Das Entscheidende ist: Entgegen ihrer vollmundigen Erklärungen hat die SPD die Sonderzahlungen nicht verhindert, sie hat sie sogar gebilligt. Genau das ist der Skandal. Das werden wir immer wieder sagen. Herr Hay hat zugestimmt. Er ist Mitglied der SPD. Sie hat sie gebilligt. Da können Sie sich nicht vom Acker machen.
Dass der SPD-Vorsitzende Stegner am 11. Juli 2009 für die Kabinettsmitglieder Erklärungen abgibt und diese dann zwei Tage später von den jeweiligen Ministern überrascht zurückgewiesen werden - ausweislich beispielsweise der „Lübecker Nachrichten“ -, spricht auch für sich. Wenn man Vattenfall beim Kernkraftwerk Krümmel zu Recht die Vertrauenswürdigkeit abspricht, dann muss man auch der Landesregierung, insbesondere der SPD,
Die Menschen in diesem Land haben dieses Desaster der Landesregierung nicht verdient.
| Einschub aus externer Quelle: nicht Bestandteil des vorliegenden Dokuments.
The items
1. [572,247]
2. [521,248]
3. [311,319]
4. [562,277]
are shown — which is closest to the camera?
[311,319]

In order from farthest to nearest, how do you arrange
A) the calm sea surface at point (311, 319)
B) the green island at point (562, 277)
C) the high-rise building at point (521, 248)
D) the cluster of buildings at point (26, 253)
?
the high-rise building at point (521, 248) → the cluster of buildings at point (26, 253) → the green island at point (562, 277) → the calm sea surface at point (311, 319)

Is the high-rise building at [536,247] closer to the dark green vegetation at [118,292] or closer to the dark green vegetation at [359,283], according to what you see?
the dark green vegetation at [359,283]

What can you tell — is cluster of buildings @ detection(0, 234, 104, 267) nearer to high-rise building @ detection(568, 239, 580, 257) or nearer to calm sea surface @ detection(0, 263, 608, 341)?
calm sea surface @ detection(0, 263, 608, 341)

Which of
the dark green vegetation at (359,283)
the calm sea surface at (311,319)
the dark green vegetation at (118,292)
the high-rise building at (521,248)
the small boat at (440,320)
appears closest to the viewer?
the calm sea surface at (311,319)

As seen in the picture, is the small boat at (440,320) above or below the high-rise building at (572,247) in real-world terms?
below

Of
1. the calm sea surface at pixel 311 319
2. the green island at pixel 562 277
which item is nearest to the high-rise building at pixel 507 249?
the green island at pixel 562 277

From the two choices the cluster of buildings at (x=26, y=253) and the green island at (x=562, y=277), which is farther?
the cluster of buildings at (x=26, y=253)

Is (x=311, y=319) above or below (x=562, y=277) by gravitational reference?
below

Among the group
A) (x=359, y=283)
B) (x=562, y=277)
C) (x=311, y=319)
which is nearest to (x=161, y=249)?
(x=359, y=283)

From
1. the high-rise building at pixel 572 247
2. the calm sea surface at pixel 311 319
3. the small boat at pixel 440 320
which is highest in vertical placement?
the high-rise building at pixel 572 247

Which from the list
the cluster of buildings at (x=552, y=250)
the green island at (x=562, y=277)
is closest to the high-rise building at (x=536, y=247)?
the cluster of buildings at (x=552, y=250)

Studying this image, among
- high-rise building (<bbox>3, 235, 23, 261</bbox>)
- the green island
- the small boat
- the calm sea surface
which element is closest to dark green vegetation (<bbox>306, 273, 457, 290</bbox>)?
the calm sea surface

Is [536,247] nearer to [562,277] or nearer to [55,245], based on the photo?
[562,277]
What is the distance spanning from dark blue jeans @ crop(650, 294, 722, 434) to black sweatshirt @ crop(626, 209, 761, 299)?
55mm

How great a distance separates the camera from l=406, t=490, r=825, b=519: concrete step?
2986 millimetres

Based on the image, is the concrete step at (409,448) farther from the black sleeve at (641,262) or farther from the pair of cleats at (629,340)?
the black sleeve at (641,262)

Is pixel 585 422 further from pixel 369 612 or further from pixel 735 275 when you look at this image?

Es wird wirklich Zeit, dass diese Koalition beendet wird und die Menschen neu wählen können.
Ich danke dem Herrn Abgeordneten Kubicki. - Das Wort für den SSW im Landtag hat der Herr Abgeordnete Lars Harms.
Frau Präsidentin! Meine sehr geehrten Damen und Herren! Seit Ende der vergangenen Woche bekannt wurde, dass der Vorstandsvorsitzende der HSH Nordbank, Herr Nonnenmacher, 2,9 Millionen € an - wie soll man es nennen? - Honorierung, Ausgleichszahlung oder einfach Taschengeld bekommt, kann man zusehen, wie sich die CDU und die SPD zu diesem Thema gegenseitig Elfmeter vorlegen und gleichzeitig Eigentore schießen. Die Suche danach, wer wann über diese Sonderzahlung wie und von wem wusste, ist für uns als SSW allerdings erst einmal zweitrangig. Aus unserer Sicht ist es vielmehr von Interesse, wie es überhaupt zu einer Sonderzahlung in dieser Höhe kommen konnte und warum der Vorstandsvorsitzende dieser Landesbank die Bodenlosigkeit besitzt, dieses Geld auch noch anzunehmen.
Völlig unverständlich ist für mich, wie es im November 2008 in einer Situation, in der die Schieflage der Bank bereits ausreichend bekannt war und sie aus dem letzten Loch pfiff, zum Abschluss eines solchen Arbeitsvertrages kommen konnte, der eine solche Abfindung vorsieht. Unser Finanzminister, Herr Wiegard, war im Präsidialausschuss vertreten und hatte demnach nicht nur Kenntnis über diesen Vertrag, sondern hat ihm im schlimmsten Fall auch noch zugestimmt.
An dieser Stelle frage ich für den SSW, wie es angehen kann, dass Herr Wiegard erstens überhaupt einen solchen Vertrag zulässt und zweitens dieses Hohe Haus nicht über die vertraglich fixierte Sonderzahlung informiert hat. Damit hat Herr Wiegard das Parlament bei dem Abschluss der Resolution zur Deckelung der Managergehälter auf 500.000 € bei vollem Wissen gegen die Wand laufen lassen.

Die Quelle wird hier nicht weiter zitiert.